In situ semi-quantitative imaging of intracellular metabolic interaction by confocal Raman microscopy.
Wanying He, Minxiao Wang, Zhaoshan Zhong, Hao Chen, Shichuan Xi, Huan Zhang, Mengna Li, Wenhao Sun, Yan Zhang, Yun Wang, Xiaoxiao Guo, Lianfu Li, Zengfeng Du, Zhendong Luan, Chaolun Li
Abstract
Open AccessNon-destructive subcellular metabolite quantification can reveal critical insights into biological interactions (e.g., endosymbiont-host crosstalk). Therefore, we developed a multivariate semi-quantitative imaging method using internal standardization to resolve simultaneous subcellular distributions of multiple metabolites, leveraging confocal Raman microscopy's (CRM's) high spatial resolution.

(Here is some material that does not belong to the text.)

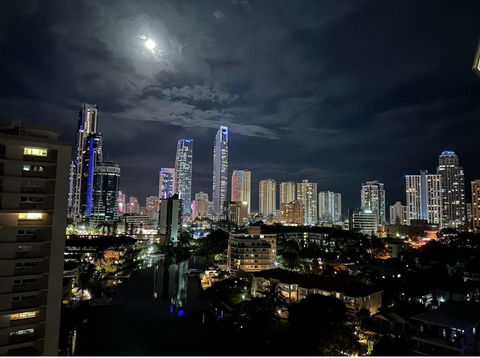 Amazing Views Surfers Paradise 2 Bedroom Unit Close To Everything - Accommodation Rockhampton 0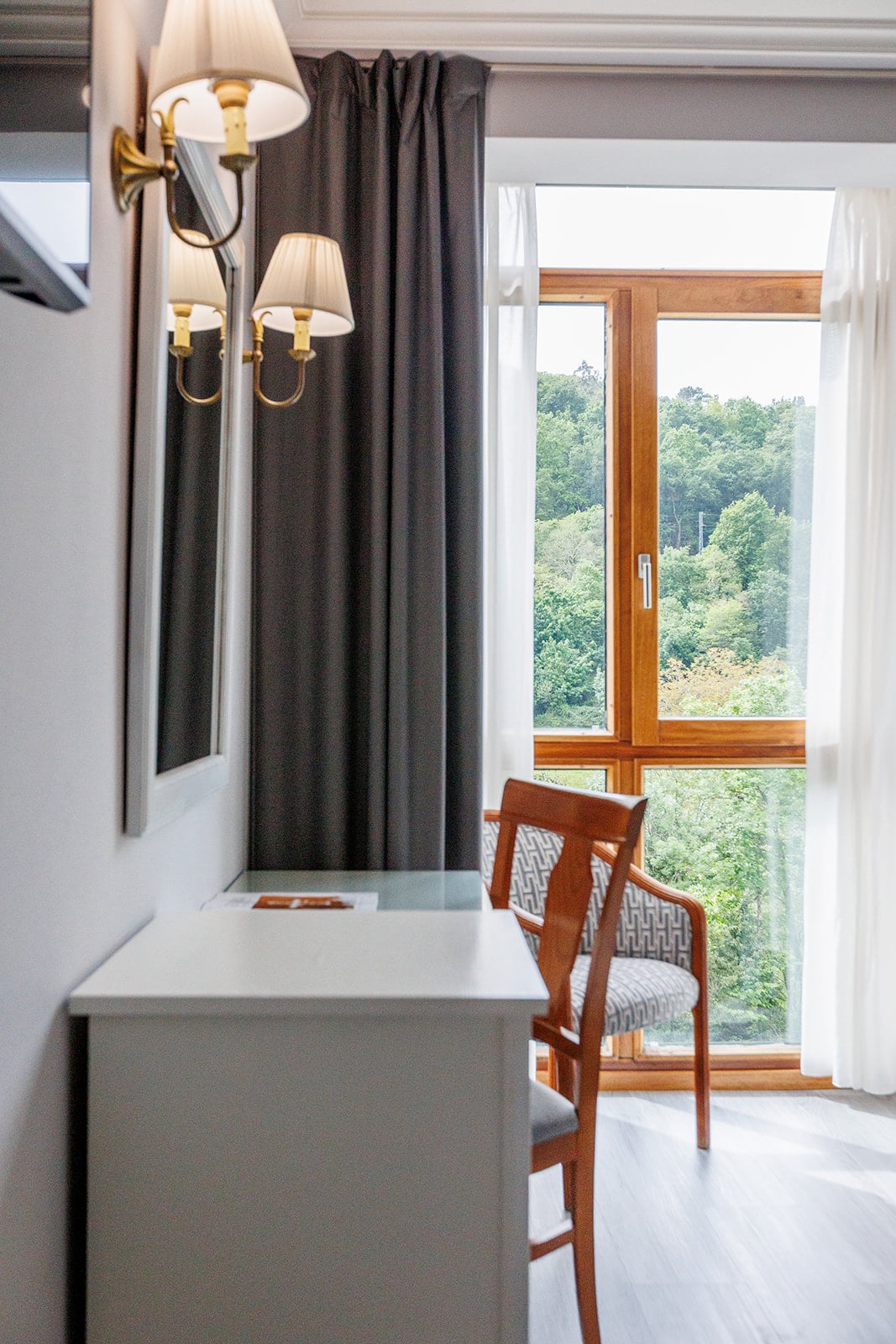 El hotel Ciudad de Cangas de Onís le ofrece lujo y comodidad en un entorno único, muy cerca del Puente Romano de la ciudad y con unos servicios de calidad superior. Habitaciones e instalaciones totalmente renovadas, con nueva gerencia y con todas las comodidades, para que su estancia sea relajada y cómoda. En nuestro hotel le ofrecemos habitaciones estandar y amplias habitaciones superiores con salón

The method was applied to the endosymbiotic mussel Gigantidas platifrons, whose symbiotic interaction mechanism has not been elucidated because symbionts cannot be cultivated. The results showed that the aggregated distribution of distinct phenotypes of symbiont strains was characterized by different glycogen abundances, indicating niche-driven metabolic strategies. Our data may provide direct evidence suggesting that symbionts supply intermediates to the host for cholesterol synthesis, potentially via vesicular trafficking. This work demonstrates CRM's capacity for comparative, spatially resolved metabolite quantification across cellular compartments. While semi-quantitative, CRM emerges as a powerful non-invasive tool for probing metabolic network dynamics and compartmentalization in challenging biological systems where traditional methods are limited.